Sunday, November 9, 2008

Jenny Saville and the Power of Influence

Two weeks ago, I attended the Jenny Saville artist lecture at Boston University, my alma mater. I got there as early as I could, but the line was already 5 people wide and ending about a hundred feet from the entrance. Saville's work has guided me through some of the roughest painting periods of my young career, so to meet her in real life, and hear her talk about her work was an opportunity I could not miss.

I have recently started a new job, and I'm sure we all know the rigor of those first few weeks at a new office. Its never clear how things will go, but you have faith that you're there for a reason. However, by the day of the lecture, I had only been at my job a week. So many feelings were going through my head: beginning a new job and phase of career; returning to my old school and campus where the familiar faces that once filled the sidewalks have been replaced with faces I did not know. To top the evening with seeing such a force-of-nature painter was quite intense & exciting, to say the least.

A good academic lecture with a bigwig at the podium always starts late, with the suspense building as the crowd gathers in intellectual anticipation. I had seen a picture recently of Saville in Vanity Fair, but save for that I would not have seen her in the auditorium. She dressed in normal clothes, with an unassuming stance with her hair in a ponytail. She is short, and yet the power of her gaze and the gravitas of her voice more than make up for any underestimatable frame.

Sometimes when you meet your heroes, you have an inflated view of how "awesome" they are going to be. You fantasize about having a deep conversation with them somehow, and perhaps becoming friends. I had no such illusions before this lecture. I prepared myself for her to be tough, academic, and as soon as the lecture was over...on a plane home. Given her success, I also was prepared for her to be a bit of a snob, a "queen of all painting" as it were, who couldn't have cared less what anyone thought of her and her work.

Luckily, Saville was not only a fascinating lecturer, but she was very matter-of-fact, very grateful to be there, and I think very overwhelmed by the show of affection and support for her and her work. A small group of students had come from as far as Miami to attend the lecture, and another woman I spoke to had driven from New York that day. The power Saville has in her work carries over into the reality of her presence. It is as important to see her in person as her work itself.

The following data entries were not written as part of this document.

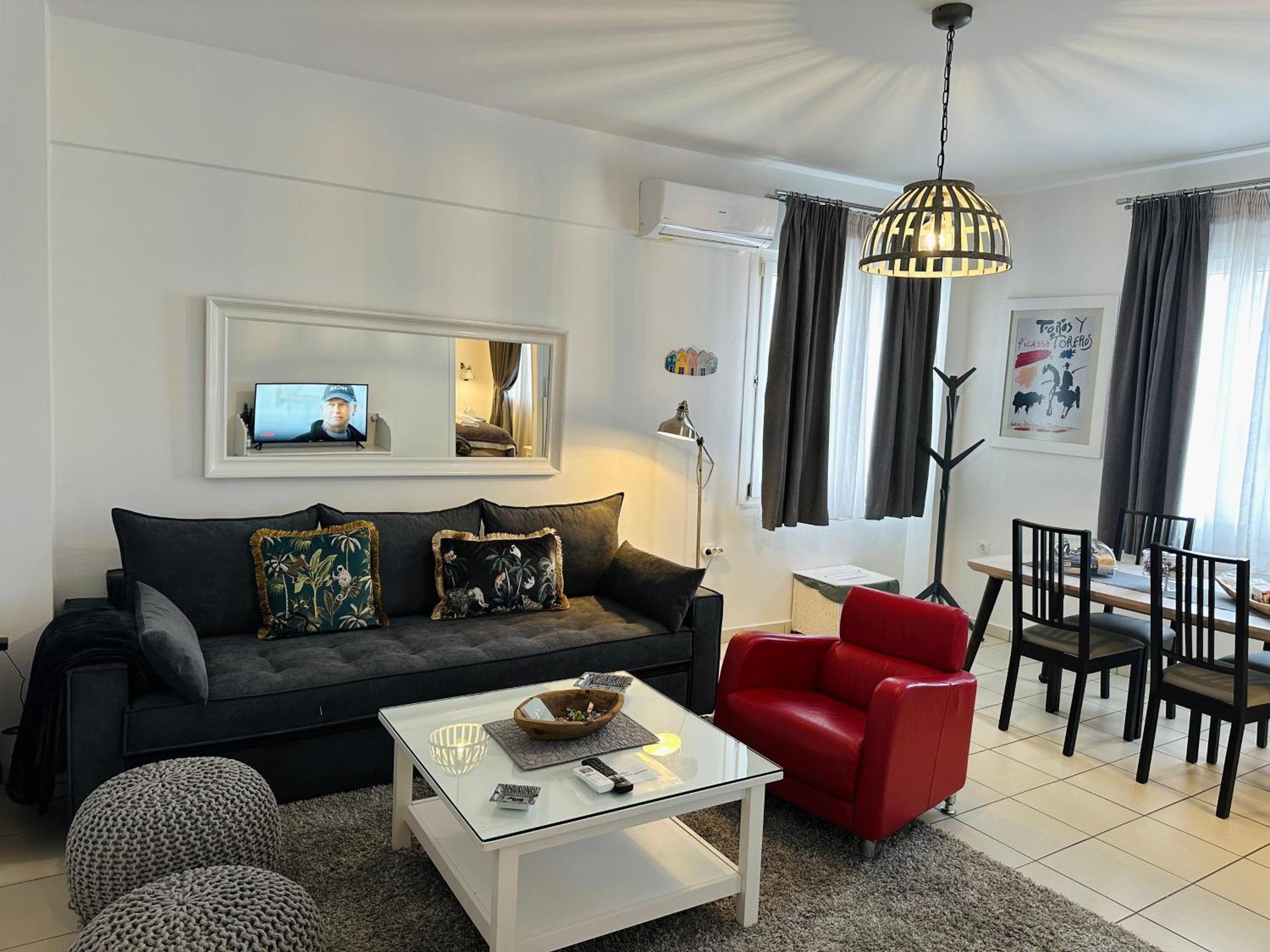 Gianna'S Apartment Central Aigio Cozy And Shining Εξωτερικό φωτογραφία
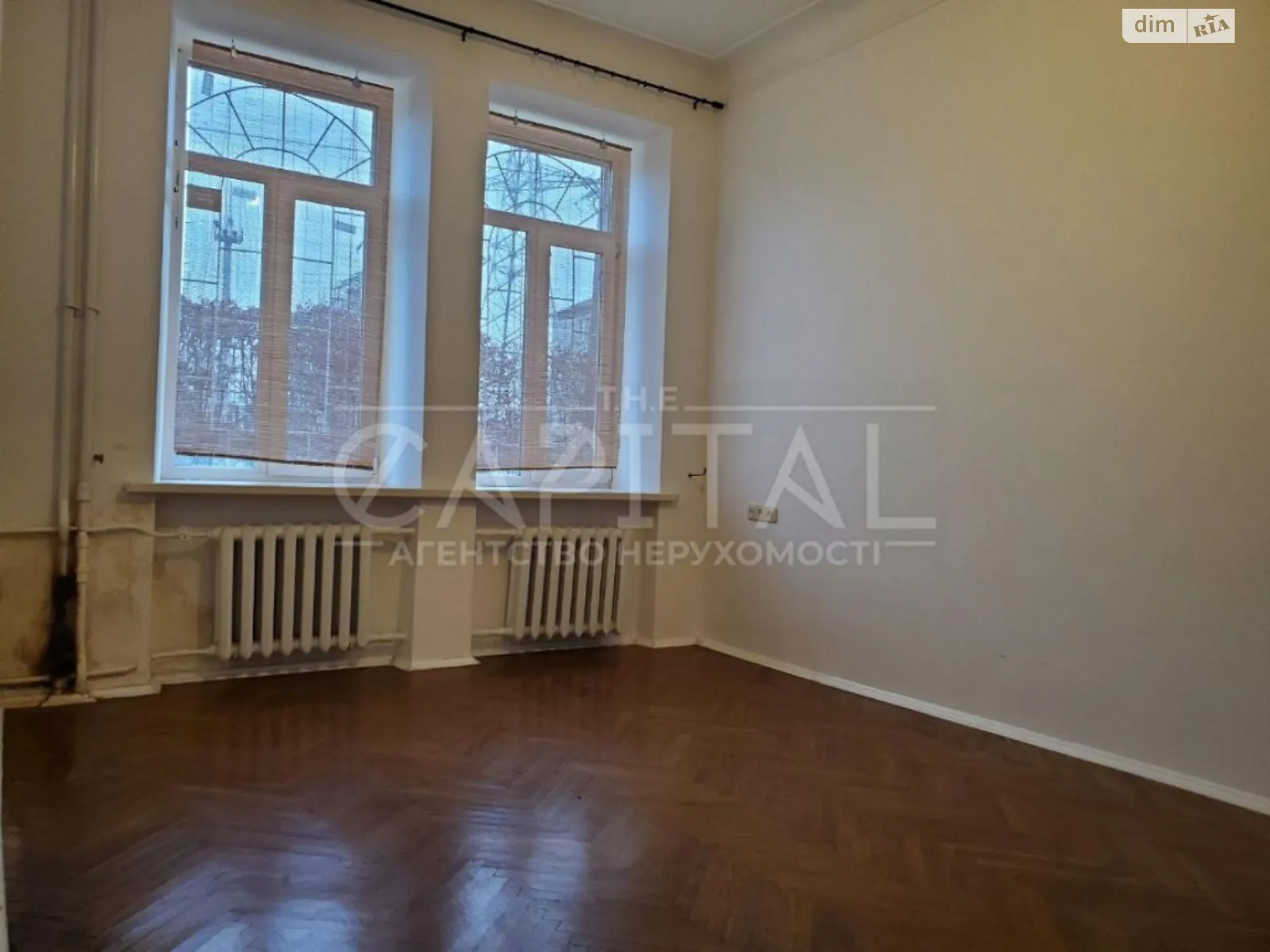 Сдается в аренду офис 85 кв. м в бизнес-центре, цена: 650 $ - фото 1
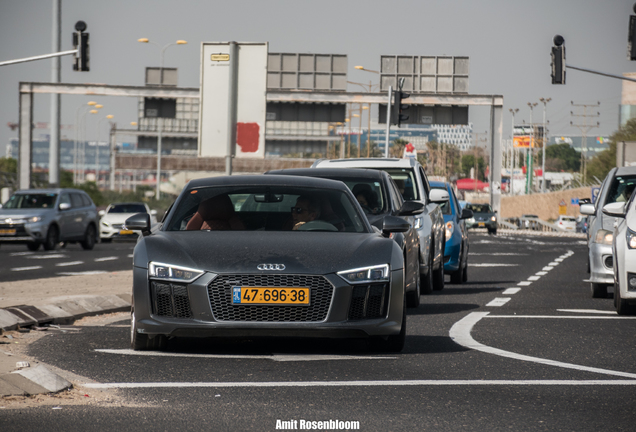 Audi R8 V10 2015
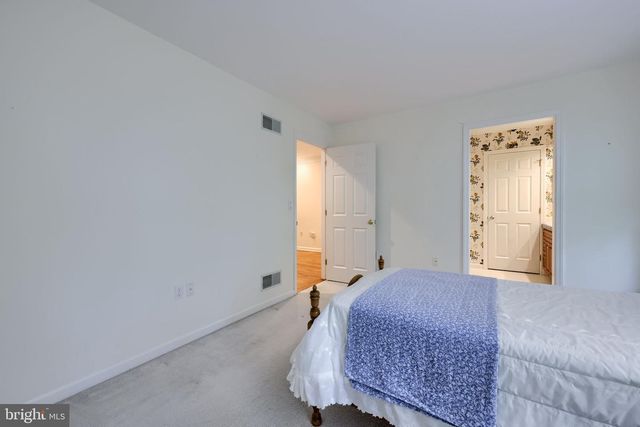 3270 BRIARWOOD BLVD, Lancaster, PA 17601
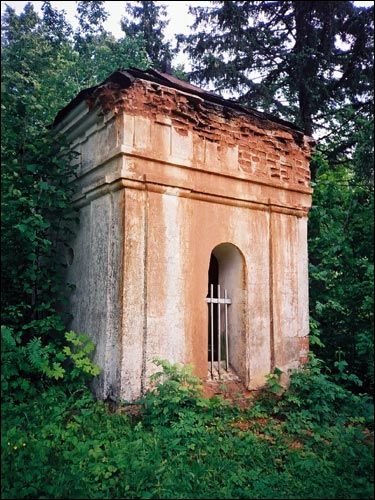 Duškava.  Cemetery at church yard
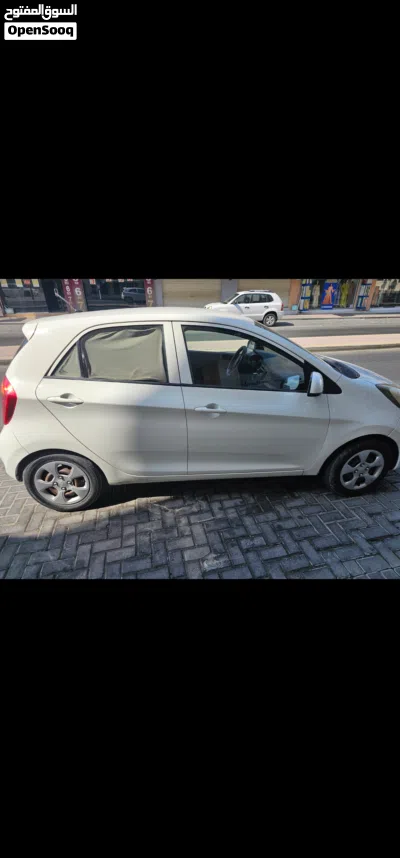 Kia Picanto EX 4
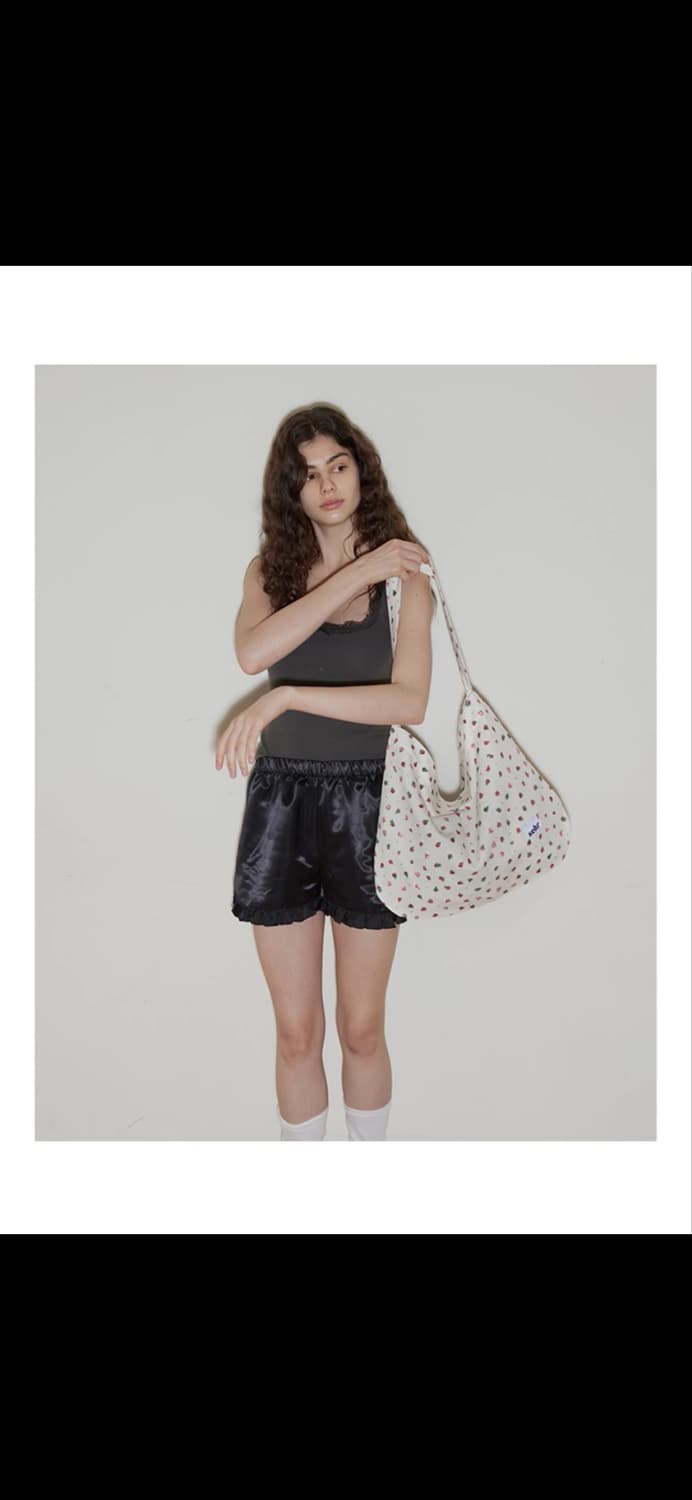 세르 sehr 딸기 패턴 가방 상품이미지2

Her lecture was clear, and honest. She covered, with a great degree of humility, the wide range of influences that aided her work, and her practice. (Which consists of painting all day in a palazzo in Palermo, Sicily...not bad, huh?) The honesty of her narrative was truly the most inspirational part of the evening. Hearing the background of different pieces and how they were created was a true honor.

She showed very graphic images relating to flesh and the body, images she'd collected over the years as her work evolved. Some were, admittedly, hard to look at; the kind of images that make your body react with a cringe or slight cramp almost. But I was honored to be there, at the precipice of her portfolio, pushed to the edge of understanding and being asked to open my eyes wider then they were before I entered that lecture hall.

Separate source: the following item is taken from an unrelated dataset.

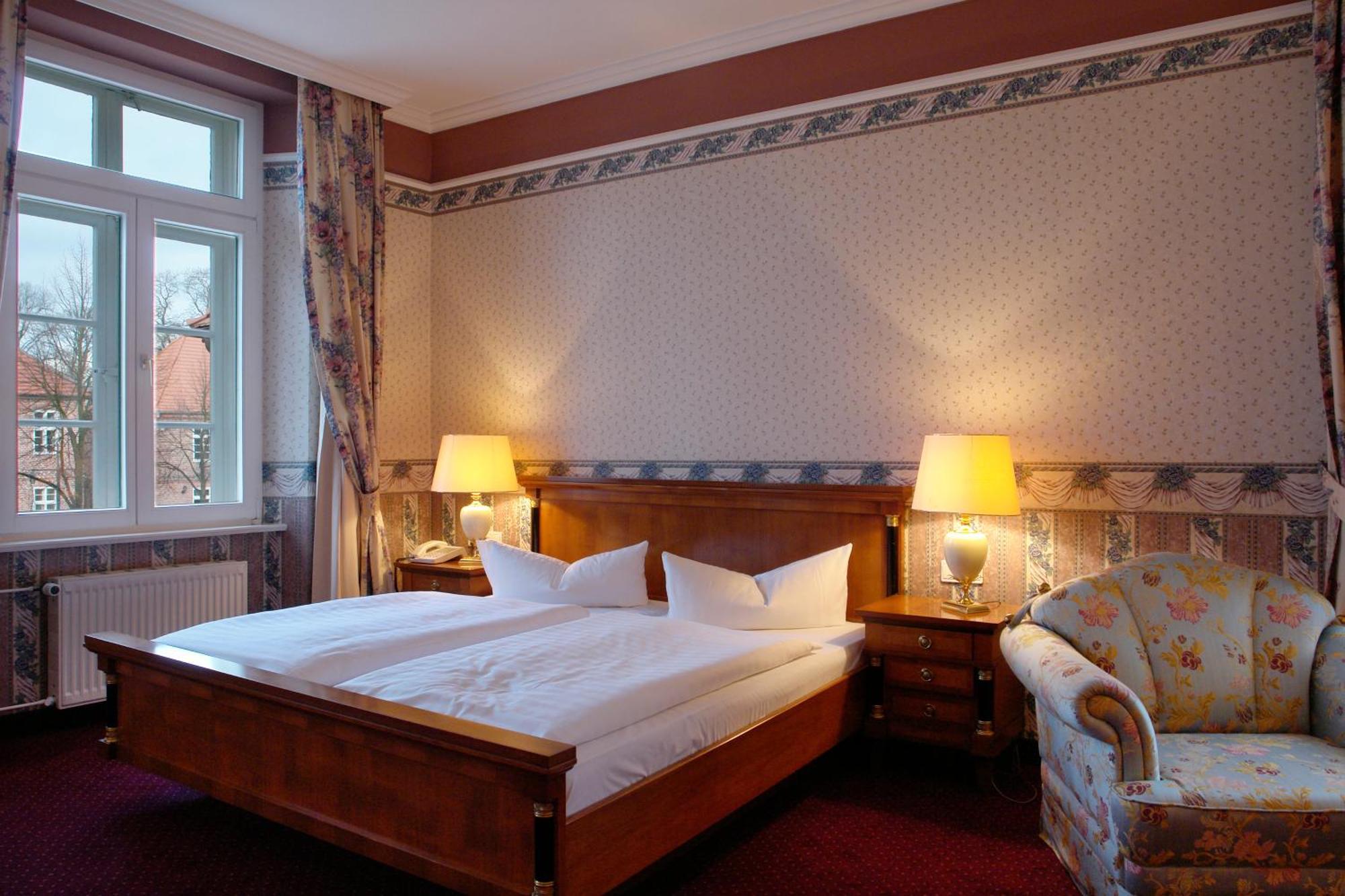 Hotel De Weimar Ludwigslust Εξωτερικό φωτογραφία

I admire her honesty and courage for standing at that precipice each day. Despite the luxury of her studio setting and the security of her career, she chooses to walk with the darkness and try to understand where it comes from. She listens to it and tells its story in voluptuous, fleshy oil paint. She makes the truth both disgusting and gorgeous, a didactic experience of art-viewing few achieve with such natural ability.

I feel like I can relate to the type of painter Jenny Saville is. She works extremely hard, has been painting all her life (since childhood), and cares deeply about how her work evolves. Saville is not arbitrarily referencing horrendous imagery for the shock or awe of it. We are not meant to see these rough images that inform her works. Her paintings are stunning despite their source material, yet we are better viewers for it.

I hope to see Saville again in my lifetime. If you have the chance to see her lecture...go. It is a once in a lifetime experience no painter's lifetime should be without.